尽管astrHeadings是一个数组(IsArray返回True,并且TypeName返回String()),但当我在VBScript中尝试访问它的元素时,会出现类型不匹配错误(基于Windows 10 Pro 1709 16299.248上的v5.8.16384)。这必须是一个VBScript特有的问题,因为如果我在Word的VBA编辑器中运行相同的代码,我可以访问元素。最终我通过迭代TOC的行来解决了这个问题,因为即使从VBScript中也可以工作:

For Each Paragraph In Doc.TablesOfContents(1).Range.Paragraphs
  WScript.Echo Paragraph.Range.Text
Next

除了将“int”更改为“long”以增加宏速度外,没有其他更改。 - Reinstate Monica - Goodbye SE
按照@Wiki的建议,我将函数中所有的“int”都替换为“long”,但是它报了一个“下标超出范围”的错误9。有些int可以被替换,但不是全部。请参见我发布的答案以了解哪些可替换。(在Word Pro 2013中) - MagTun
注意使用这种方法时可能会出现截断的标题 (GetCrossReferenceItems)。参考链接:http://windowssecrets.com/forums/showthread.php/158870-Word-2007-VBA-GetCrossReferenceItems(wdRefTypeHeading)-returns-truncated-variant-array - Fuhrmanator
尽管astrHeadings是一个数组(IsArray返回TrueTypeName返回String()),但当我尝试获取其元素时(VBScript 5.8.16384在Windows 10 Pro 1709 16299.248上),我会收到“类型不匹配”的错误。 - kol
@kol 九年后,这是可能的。当时我没有在Windows 10上测试它 ;) - VonC
显示剩余7条评论

18

获取标题列表最简单的方式是遍历文档中的段落,例如:

 Sub ReadPara()

    Dim DocPara As Paragraph

    For Each DocPara In ActiveDocument.Paragraphs

     If Left(DocPara.Range.Style, Len("Heading")) = "Heading" Then

       Debug.Print DocPara.Range.Text

     End If

    Next


End Sub

顺便说一下,我认为去掉段落范围的最后一个字符是个好主意。否则,如果你把这个字符串发送到消息框或文档中,Word会显示一个额外的控制字符。例如:

Left(DocPara.Range.Text, len(DocPara.Range.Text)-1)

2
更喜欢这个答案而不是被选中的答案——它给了我更好的结果和更多的灵活性。 - Praesagus
1
我尝试过这个,但速度慢得无法忍受...循环遍历我的文档(有很多表格,所以有超过45000段落)需要大约15分钟的处理时间。 - FraggaMuffin

2

这个宏在我的Word 2010上表现得非常好。我稍微扩展了一下功能:现在它会提示用户输入最小级别,并抑制低于该级别的副标题。

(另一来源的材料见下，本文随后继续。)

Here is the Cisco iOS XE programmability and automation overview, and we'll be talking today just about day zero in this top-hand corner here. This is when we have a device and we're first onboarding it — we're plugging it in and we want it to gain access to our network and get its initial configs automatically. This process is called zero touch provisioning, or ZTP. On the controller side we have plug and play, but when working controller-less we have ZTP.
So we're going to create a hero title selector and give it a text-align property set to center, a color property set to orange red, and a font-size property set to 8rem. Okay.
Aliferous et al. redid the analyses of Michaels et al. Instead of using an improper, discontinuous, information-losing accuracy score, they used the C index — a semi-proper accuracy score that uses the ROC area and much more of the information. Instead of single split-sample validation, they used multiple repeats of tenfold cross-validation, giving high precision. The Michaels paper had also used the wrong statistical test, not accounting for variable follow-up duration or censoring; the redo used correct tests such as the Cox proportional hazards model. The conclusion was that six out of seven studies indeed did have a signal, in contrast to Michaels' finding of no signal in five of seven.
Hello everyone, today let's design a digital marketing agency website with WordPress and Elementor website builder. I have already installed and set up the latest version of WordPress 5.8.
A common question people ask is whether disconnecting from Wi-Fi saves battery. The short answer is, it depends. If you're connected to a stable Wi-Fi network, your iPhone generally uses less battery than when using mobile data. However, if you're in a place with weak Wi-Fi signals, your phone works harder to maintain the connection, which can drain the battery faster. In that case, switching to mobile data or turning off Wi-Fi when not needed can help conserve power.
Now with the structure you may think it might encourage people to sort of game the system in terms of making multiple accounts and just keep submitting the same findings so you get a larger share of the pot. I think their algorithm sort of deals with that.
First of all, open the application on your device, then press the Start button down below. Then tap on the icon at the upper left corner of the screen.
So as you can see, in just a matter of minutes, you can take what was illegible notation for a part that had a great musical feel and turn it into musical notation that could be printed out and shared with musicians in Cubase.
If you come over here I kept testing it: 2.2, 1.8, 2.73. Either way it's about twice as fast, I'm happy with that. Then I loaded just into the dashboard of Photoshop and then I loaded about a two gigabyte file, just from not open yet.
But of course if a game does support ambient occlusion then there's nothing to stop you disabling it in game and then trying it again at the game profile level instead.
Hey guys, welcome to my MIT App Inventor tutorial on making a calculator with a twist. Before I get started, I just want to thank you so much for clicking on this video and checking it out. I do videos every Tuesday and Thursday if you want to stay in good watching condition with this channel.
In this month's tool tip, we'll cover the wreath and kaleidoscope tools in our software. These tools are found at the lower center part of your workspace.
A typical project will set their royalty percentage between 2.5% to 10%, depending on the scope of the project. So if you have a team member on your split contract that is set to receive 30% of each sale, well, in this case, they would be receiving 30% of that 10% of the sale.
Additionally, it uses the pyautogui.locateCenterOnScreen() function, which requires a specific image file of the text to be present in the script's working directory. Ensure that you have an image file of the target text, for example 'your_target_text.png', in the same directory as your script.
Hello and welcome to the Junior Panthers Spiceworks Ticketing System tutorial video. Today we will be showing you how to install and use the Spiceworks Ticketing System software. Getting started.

Public Sub CreateOutline()
' from https://dev59.com/THVC5IYBdhLWcg3wfxQ8
    Dim docOutline As Word.Document
    Dim docSource As Word.Document
    Dim rng As Word.Range

    Dim astrHeadings As Variant
    Dim strText As String
    Dim intLevel As Integer
    Dim intItem As Integer
    Dim minLevel As Integer

    Set docSource = ActiveDocument
    Set docOutline = Documents.Add

    minLevel = 1  'levels above this value won't be copied.
    minLevel = CInt(InputBox("This macro will generate a new document that contains only the headers from the existing document. What is the lowest level heading you want?", "2"))

    ' Content returns only the
    ' main body of the document, not
    ' the headers and footer.
    Set rng = docOutline.Content
    astrHeadings = _
     docSource.GetCrossReferenceItems(wdRefTypeHeading)

    For intItem = LBound(astrHeadings) To UBound(astrHeadings)
        ' Get the text and the level.
        strText = Trim$(astrHeadings(intItem))
        intLevel = GetLevel(CStr(astrHeadings(intItem)))

        If intLevel <= minLevel Then

            ' Add the text to the document.
            rng.InsertAfter strText & vbNewLine

            ' Set the style of the selected range and
            ' then collapse the range for the next entry.
            rng.Style = "Heading " & intLevel
            rng.Collapse wdCollapseEnd
        End If
    Next intItem
End Sub

Private Function GetLevel(strItem As String) As Integer
    ' from https://dev59.com/THVC5IYBdhLWcg3wfxQ8
    ' Return the heading level of a header from the
    ' array returned by Word.

    ' The number of leading spaces indicates the
    ' outline level (2 spaces per level: H1 has
    ' 0 spaces, H2 has 2 spaces, H3 has 4 spaces.

    Dim strTemp As String
    Dim strOriginal As String
    Dim intDiff As Integer

    ' Get rid of all trailing spaces.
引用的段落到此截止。